7. Auf nach Oldenburg:
Wie die Dinge alle heißen, die nicht wahr und doch so schön sind

Kurz vor Detmold kommt mir eine Eingebung. Das mag an dem Nusshörnchen liegen, das ich gerade gegessen habe, oder an dem Dextro Energy, das ich lutsche. Ich weiß, was es mit der Nummer auf dem Zettel in der Zigarrenkiste auf sich hat. Ich weiß es so plötzlich und sicher, als hätte mir die Erftenmoder vertrauensvoll ins Ohr geflüstert. Schnell krame ich meinen Ebook-Reader hervor, rufe Strackerjan auf und scrolle bis zu Position 387. Dort heißt es:

Die Dichter waren die ersten, welche sich des verfolgten Aberglaubens annahmen und von manchem behaupteten, daß [sic!] er doch wenigstens poetisch wäre und ein Recht auf Dasein habe. Das ganze schöne Reich der Märchenwelt ist ja ein Reich des Aberglaubens, und wer nur z.B. die schönen Haus- und Kindermärchen der Gebrüder Grimm lesen und sich an ihnen freuen will, muß [sic!] seine Portion Aberglauben haben.
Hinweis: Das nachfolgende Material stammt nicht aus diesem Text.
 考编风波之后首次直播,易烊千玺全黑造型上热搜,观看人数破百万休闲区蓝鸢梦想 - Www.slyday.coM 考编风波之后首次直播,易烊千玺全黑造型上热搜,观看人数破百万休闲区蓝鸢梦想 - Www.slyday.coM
Das soll heißen, er muß [sic!] poetisch glauben an Hexen und Nixen, an das Gespräch der Tiere und Bäume, an verzauberte Schlösser und verwünschte Prinzessinnen, an Meilenstiefel und gefeiete Schwerter und wie die Dinge alle heißen, die nicht wahr und doch so schön sind.
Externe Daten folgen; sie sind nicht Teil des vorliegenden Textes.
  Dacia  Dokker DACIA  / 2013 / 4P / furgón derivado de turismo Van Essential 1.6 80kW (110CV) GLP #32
(Strackerjan, Ludwig, Aberglaube und Sagen aus dem Herzogtum Oldenburg. Altmünster: Jazzybee Verlag Jürgen Beck 2012, Position 387.)

 
Vor Aufregung bekomme ich Schnappatmung, und die Frau auf dem Sitz neben mir rückt leicht von mir ab. Das ist es! Ich bin Dichterin, und ich glaube ganz unbedingt poetisch an das Gespräch der Tiere und Bäume, an die Dinge, die nicht wahr und doch so schön sind. Ich nippe an meinem Bahn-Bistro-Kaffee, der auch nicht ganz von dieser Welt ist, und schließe die Augen, um in mich zu gehen. Ich bin die Dichterin auf den Spuren des Unheimlichen, Detektivin des Unglaublichen, Verfolgerin der Nixen und Hexen. Ich bin das und schon bald werde ich –
Mit einem Ruck kommt der Zug zum Stillstand. Eine Weile stehen wir, und wie immer, wenn ich in einem größeren Transportmittel sitze, das sich nicht bewegt, obwohl es das plangemäß sollte, werde ich sehr unruhig. Dann verkündet eine blecherne Stimme, dass sich Personen im Gleis befänden und sich unsere Weiterfahrt noch verzögere. Personen im Gleis, Personen im Gleis. Wie immer, wenn von Personen im Gleis die Rede ist, schaudere ich ein wenig. Ich weiß nicht, wie Menschen, die keine Dichter sind und nicht an das Gespräch der Tiere und Bäume glauben, darüber denken, aber ich sehe bei Personen im Gleis immer sehr flache, bleiche Geschöpfe vor mir, durchaus menschenähnliche Wesen, die sich unter den Gleisen entlangwurmen, um schon nach kurzer Zeit wieder im steinigen Untergrund zu verschwinden. Ihr ganzes Leben, vermute ich, verbringen diese Personen im Gleis, werden aber nur selten von wachsamen Autofahrern oder vielleicht Eisenbahnfotografen entdeckt.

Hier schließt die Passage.